Martin Merlin, a director in the Commission’s financial services department, told European Union lawmakers this morning (10 November) that the institution’s “preliminary view at technical level is indeed that a delay is needed’’ to the planned January 2017 start date.
“Maybe the simplest and most legally sound approach would be to delay the whole package for one year,’’ Mr Merlin said at a hearing of the EU parliament’s economic and monetary affairs committee.
In response to Mr Merlin’s comments about Mifid II, an FCA spokesman said it was for the Commission, the Council and European Parliament to make a decision on delaying the implementation of Mifid II, not national competent authorities.
He said: “Unless the co-legislators decide on a change, we can only continue to work to the deadline set in the level 1 text of 3 January 2017 for the obligations taking effect.”
Just last month the Financial Conduct Authority stated the implementation of the new EU Markets in Financial Instruments Directive into UK regulation will see a refocusing on inducements that could bias advice.
Speaking at the FCA’s Mifid II Conference, the regulator’s director of policy David Geale said the European Commission was likely to publish implementing regulation or towards the end of the year, covering many of the conduct issues.
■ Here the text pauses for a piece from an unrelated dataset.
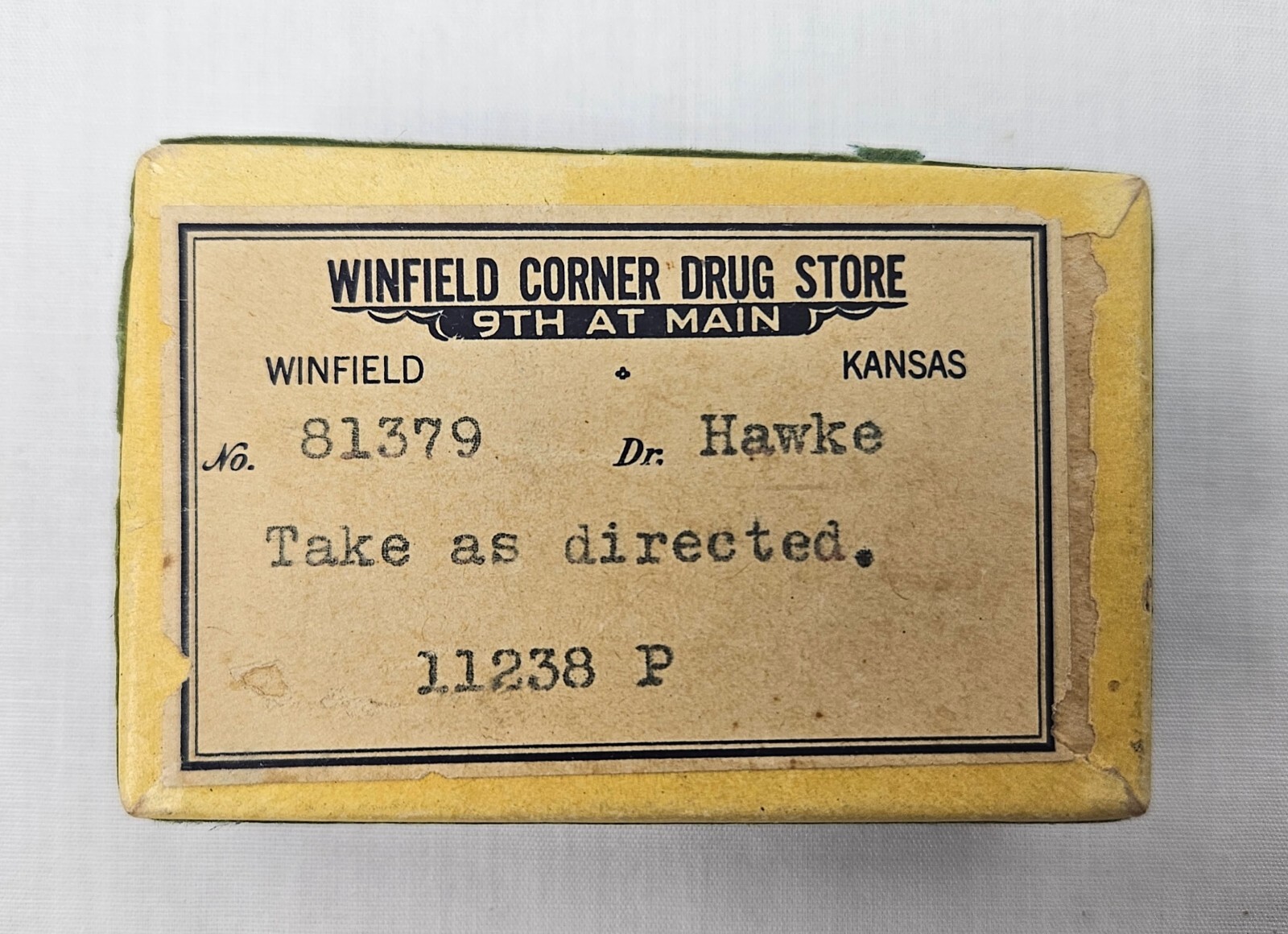 Hinged Cardboard Prescription Pill Medicine Box Winfield Corner Drug Store KS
Until this set of detailed requirements that firms will face is received, Mr Geale said the UK regulator could not consult on or finalise its policy approach in all areas.
But Mr Geale stated last month that firms should not simply sit back and wait.
One of the areas where the direction of travel is already known is that of tackling inducements, which he said will come under a new regime, banning all payments from third parties, apart from certain ‘minor non-monetary benefits’.
“For independent advisers, these new measures should feel similar to requirements we introduced in the UK through the RDR to address the risk of advice being biased by commissions – and, of course, our rules cover both independent and restricted advice,” noted Mr Geale.
As for appropriateness requirements under the new EU-wide rules, there will be an expansion of the types of products that are to be considered complex for investors to understand, the regulator stated.
Defining a product as ‘complex’ is important, as it means firms selling these products without advice will need to assess whether a potential purchaser has the necessary experience and knowledge to understand the product; the ‘appropriateness test’.